Llegaron los ‘60 y esta tecnología empezó a colmar las industrias. Un grupo de jóvenes (hoy conocidos como ‘los niños de Fairchild’) con recientes doctorados en física e ingeniería se mudó a la Bahía de San Francisco (California) para trabajar para William Shockley desarrollando transistores comerciales. Por problemas de dirección y desacuerdos varios, los ocho científicos renunciaron para fundar Fairchild Semiconductor. Su renuncia simultánea fue algo increíble para la cultura de la época, en la que se esperaba que un trabajo fuera para toda la vida. Por esto es que incluso hasta hoy en inglés se los conoce como ‘los ocho traidores’.

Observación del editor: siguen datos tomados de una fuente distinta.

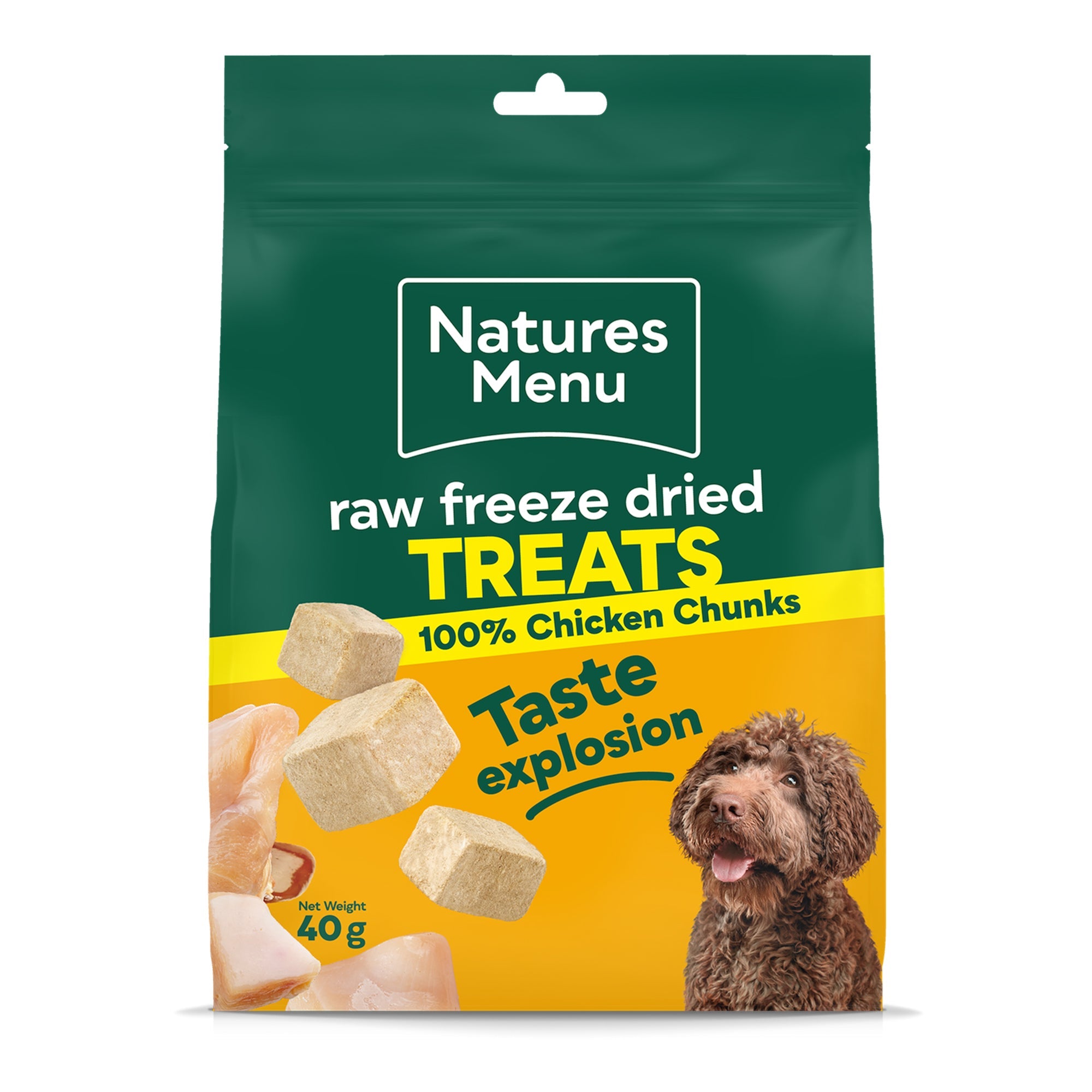 Natures Menu Freeze Dried Chunks Chicken 40g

Estos nuevos emprendedores, bajo la dirección de Robert Noyce (Bob, para los amigos), desarrollaron y mejoraron enormemente un novedoso producto que iba a revolucionar la tecnología una vez más. Era un chip de silicio compuesto por varios transistores planos interconectados, un módulo independiente preparado para realizar tareas predeterminadas: el circuito integrado. Para ese entonces ya empezaba a quedar claro que las aplicaciones de esta tecnología eran virtualmente infinitas, por lo que empleados de Fairchild empezaron a renunciar para crear cientos de empresas derivadas (spin-offs) conocidas como las Fairchildren, entre las que se pueden encontrar, por ejemplo, a AMD e Intel. Fue en esta última, fundada por Bob Noyce y Gordon Moore, donde se dio el siguiente paso conceptual con el invento de otro tipo de chip o circuito integrado, uno que entre varias ventajas de diseño tenía la capacidad de que sus funciones sean programables por el usuario mediante un lenguaje de programación de bajo nivel, también llamado lenguaje de máquina. Se trata del microprocesador, el cerebro de las computadoras y celulares de hoy en día.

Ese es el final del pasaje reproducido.